Waiting for Godot meets Charles Bukowski in Cranbrook Community Theatre’s new play, currently running at the Studio Stage Door.
The play by Annie Baker, directed by Duncan Chalmers and produced by Marnée Bellavance, is a tour into existentialist angst, at times tragic, at other times comic.
Jasper and KJ (Woody Maguire and Matt Van Boeyen respectively) are two men in their 30s, old enough to feel the weight of their failures, young enough to be still waiting for their life to begin in earnest. In the meantime, they’ve dropped out, as they used to say, and spend their time hanging out in an alley behind a coffee shop. Jasper, consumed with regrets, is working on a novel, the main character of which is a substitute for himself.
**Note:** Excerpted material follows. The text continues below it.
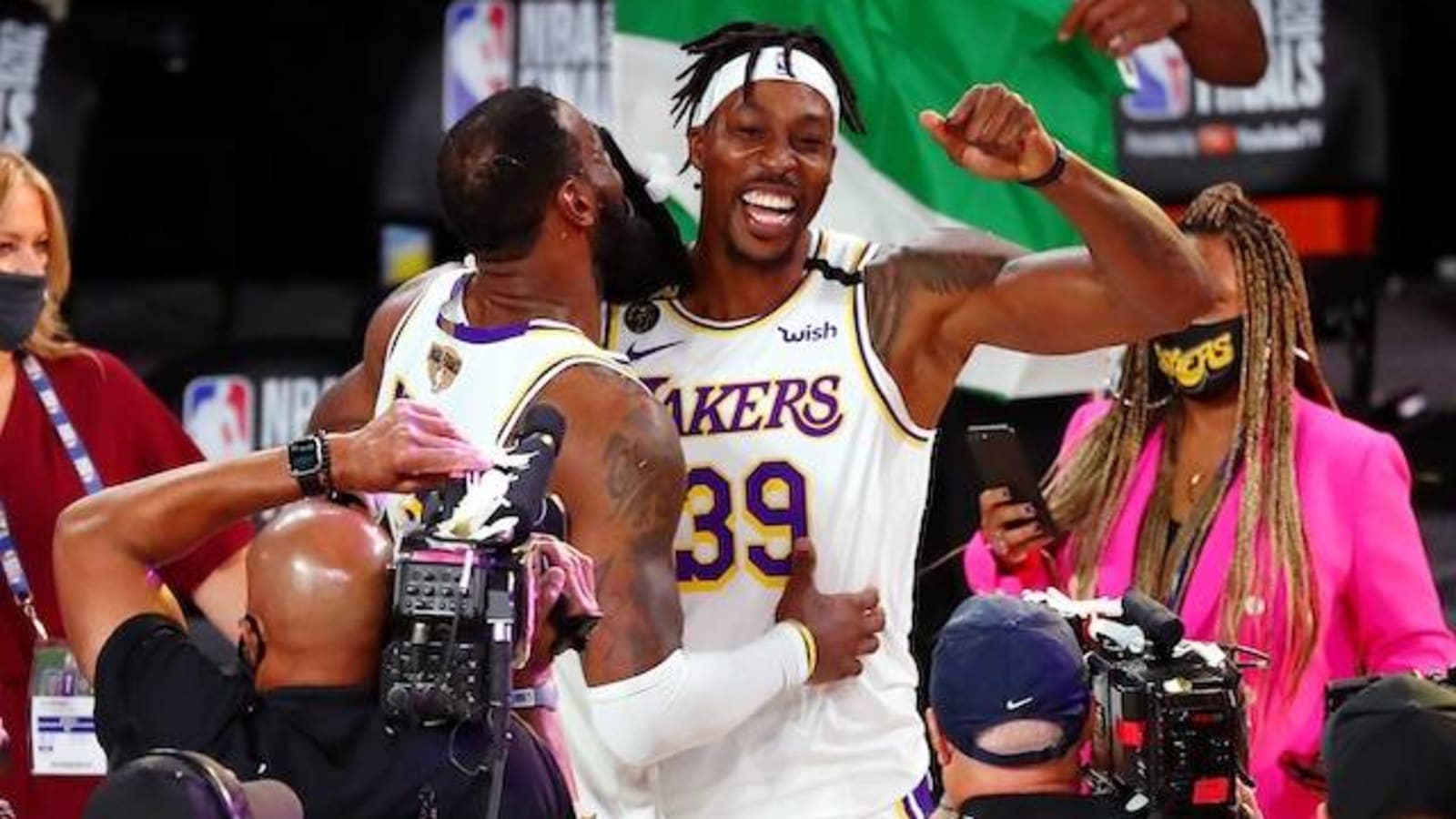 Dwight Howard Believes Lakers Would Have Three-Peated If 2020 Championship Team Didn’t Split Up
KJ, armed with irony and abandon, has more embraced his slacker lifestyle, although his past is still lurking just under his exuberance.
You can tell a lot about the success a person has achieved by the number of names they’ve given their former rock band — in the case of KJ and Jasper, The Aliens is the one that stuck, although the list of names is long (Hieronymous Blast stands out among the many).
The indolent pair is confronted by young Evan (Will Nicholson), a coffee shop employee, and the encounter shifts the two older men into activity, which involves them taking Evan under their wing and “teaching him everything they know.” Will their mentorship help jolt them out of their lethargy? Or will Will follow them down their peculiar rabbit hole?
“The Aliens” resumes its run at the Studio Stage Door in Cranbrook on Thursday, Feb. 17, and runs Saturday and Sunday, Feb. 18 and 19, and Wednesday, Feb. 23 through Saturday, Feb. 26. Showtimes are 7 pm.